Was NGO und die Entwicklungsländer fordern
Nach Ansicht von Greenpeace-Geschäftsführer Martin Kaiser bleibt die zentrale Frage der Konferenz nach dem Text der Präsidentschaft weiter unbeantwortet. Die Industrieländer müssten jetzt ein ausreichend hohes Finanzierungsangebot unterbreiten, um die Gespräche voranzubringen. Die Klimaexpertin von Brot für die Welt, Sabine Minninger, nannte den Entwurf „enttäuschend“. Einen Tag vor dem Ende der Konferenz seien die Industriestaaten nicht bereit, konkrete Summen anzubieten.
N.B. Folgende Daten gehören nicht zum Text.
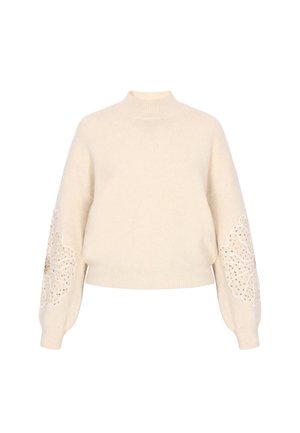 Cremfarbener Wollpullover mit hohem Kragen, cropped Design und bestickten Blumenmustern an den Ärmeln, verziert mit kleinen Perlen.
Die Gruppe der 77 Entwicklungsländer mit China verlangten, die Industrieländer müssten mindestens 500 Milliarden Dollar (475 Milliarden Euro) pro Jahr aufbringen. Als historische Hauptverursacher des Klimawandels müssten sie die Entwicklungsländer finanziell und technologisch unterstützen.
Die 45 ärmsten Entwicklungsländer machten einen Finanzierungsbedarf von weiteren 220 Milliarden Dollar pro Jahr geltend. Die vom Klimawandel besonders betroffenen Inselstaaten warfen der Cop-Präsidentschaft vor, ihr Text lasse die entscheidende Zahl, aber auch jeden klimapolitischen Ehrgeiz vermissen.